Bonaventure Bondo, Juru Kampanye Hutan untuk Kawasan Kongo di Greenpeace Afrika, menyatakan:

“Masyarakat Adat dan Komunitas Lokal adalah penjaga hutan terakhir dunia. Di Cekungan Kongo, mereka menjalankan inisiatif berbasis solusi lokal untuk melindungi hutan dan menjaga keanekaragaman hayati melalui pengetahuan tradisional mereka. Kongres ini adalah seruan kepada dunia: Akui dan berdayakan Masyarakat Adat dan Komunitas Lokal untuk memimpin perlindungan hutan secara berkelanjutan—demi kesejahteraan mereka dan masa depan seluruh planet ini.”

Romulo Batista, Juru Kampanye Senior di Greenpeace Brasil, menegaskan:

“Di Amazon, Masyarakat Adat melindungi jutaan hektare hutan di wilayah yang telah maupun belum ditetapkan secara resmi. Para pemimpin global dan lembaga keuangan internasional harus menghormati wilayah-wilayah ini dan berinvestasi pada solusi yang mereka miliki—bukan pada agribisnis dan pertambangan yang mengancam dan menyerbu tanah, hutan, dan sungai mereka.”

Amos Sumbung, Juru Kampanye Hutan Greenpeace Asia Tenggara (Indonesia), menyatakan:

“Di Asia Tenggara, hutan kita dihancurkan lebih cepat dari sebelumnya. Hutan terbesar yang tersisa di kawasan ini adalah Papua—Indonesia, yang tidak boleh dihancurkan dan harus dipertahankan dengan segala cara. Kepemimpinan masyarakat adat adalah satu-satunya jalan untuk menghentikan kehancuran ini.
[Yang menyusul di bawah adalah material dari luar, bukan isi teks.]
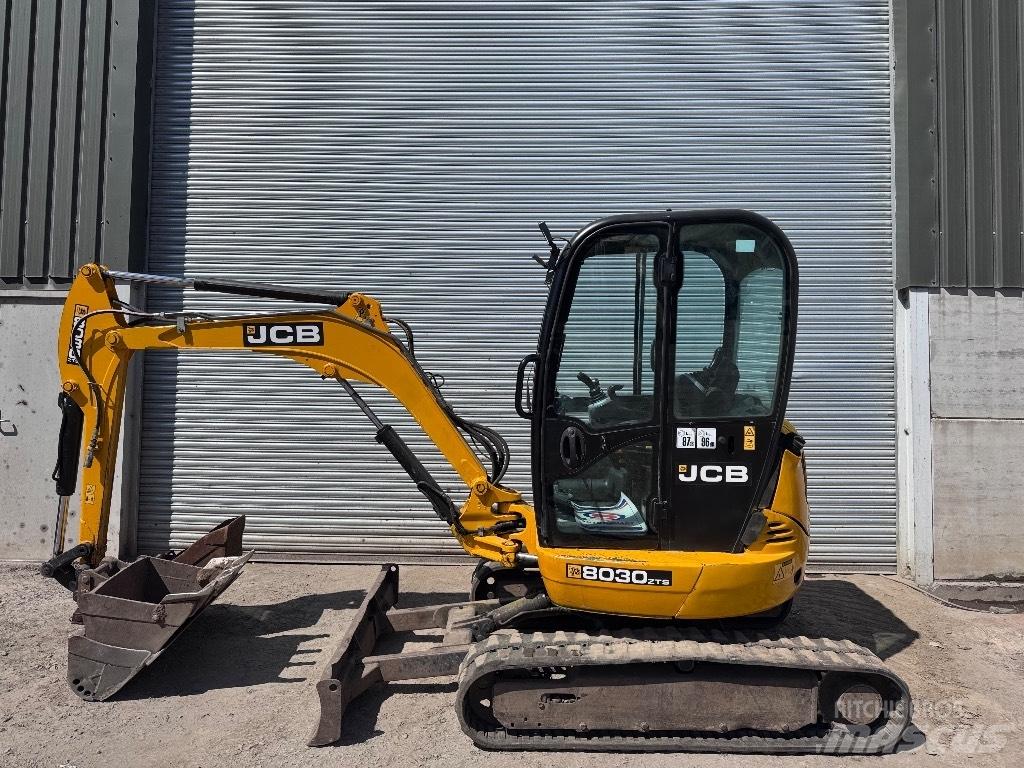 JCB 8030 ZTS Minikoparki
Pertemuan ini harus menjadi titik balik—di mana suara Masyarakat Adat dan Komunitas Lokal benar-benar didengar, dan hak-hak mereka menjadi prioritas dalam kebijakan iklim global.”

Sebagai pendukung kuat keadilan lingkungan dan hak-hak Masyarakat Adat, Greenpeace menyerukan kepada komunitas global dan mendesak pemerintah, organisasi internasional, serta masyarakat sipil untuk:

  • Mengakui dan menegakkan hak atas penguasaan wilayah oleh Masyarakat Adat dan Komunitas Lokal.
  • Menjamin akses langsung terhadap pendanaan bagi Masyarakat Adat dan Komunitas Lokal agar dapat memimpin dan memperluas inisiatif perlindungan hutan mereka sendiri.
  • Mengintegrasikan pengetahuan adat ke dalam sains dan kebijakan iklim serta keanekaragaman hayati di semua tingkatan.
  • Berkomitmen pada tindakan konkret untuk melindungi hutan dan budaya yang bergantung padanya.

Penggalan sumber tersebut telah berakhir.